9 Home Children
During the 19th and 20th centuries, around 150,000 British “Home Children” were sent to Australia, New Zealand, Canada, and Rhodesia. The scheme arguably dated back as far as the 17th century, but what’s surprising is how long it lasted—between 1947 and 1967 as many as 10,000 children were shipped from the United Kingdom to Australia.
Those behind the scheme had clear ideological intentions—they wanted to ensure that the colonies in question would have white majorities. The British children chosen to be shipped across the world were often referred to as “good white stock.”
Competing religious groups, including the Catholic Christian Brothers, sought to use the scheme to increase their followers in the colonies. Between the late ’30s and early ’60s, the Catholic Church shipped at least 1,000 British and 310 Maltese children to Catholic schools in Australia, where many were forced to do construction work or other hard labor.

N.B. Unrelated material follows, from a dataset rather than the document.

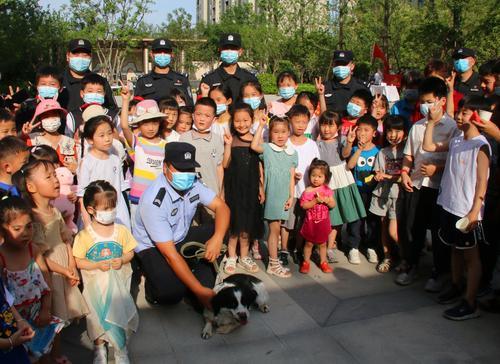 如何让狗狗成为一只有素质的小伙伴?郑州警察手把手教市民养犬休闲区蓝鸢梦想 - Www.slyday.coM 如何让狗狗成为一只有素质的小伙伴?郑州警察手把手教市民养犬休闲区蓝鸢梦想 - Www.slyday.coM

In addition to forced labor, subsequent inquiries have found that many of the migrant children in the Church’s care were brutally beaten, raped, and starved—some children were made to “scramble for food thrown on the floor” to survive. Many of the children were stripped of their birth name. Decades later, in 2001, the Catholic Church in Australia confirmed the crimes committed and issued an apology.
8 Spain’s Stolen Children
Starting in the 1930s, the fascist regime of Francisco Franco sought to purify Spain by stealing the babies of “undesirable” parents and having them raised in more politically acceptable surroundings. The scheme originally targeted the children of leftists, who the Spanish government saw as having “a form of mental illness that was polluting the Hispanic race,” but eventually came to target unmarried mothers and otherwise “unfit” parents. As many as 300,000 babies were eventually stolen from their parents.
The baby-stealing scheme was carried out with the close cooperation of the Catholic Church in Spain. After Franco rose to power calling himself the defender of Catholic Spain, the Church controlled most of Spain’s social services—from schools to hospitals to children’s homes. This allowed thousands of children to be stolen or otherwise removed from their parents by Catholic doctors, priests, and nuns.
In many cases, nurses in Catholic hospitals would take a newborn baby from its mother to be examined. The nurse would then return with a dead baby kept on ice for the purpose of persuading the mother that her baby had suddenly died. After the babies were stolen from their mothers, they were often sold in illegal profit-making adoptions.
After Franco died in 1975, the Church retained its grasp on Spanish social services and largely continued the scheme. The child kidnappings didn’t fully come to an end until 1987, when the Spanish government began tightening adoption regulations. It has been estimated that around 15 percent of adoptions in Spain between 1960 and 1989 were part of the kidnapping scheme.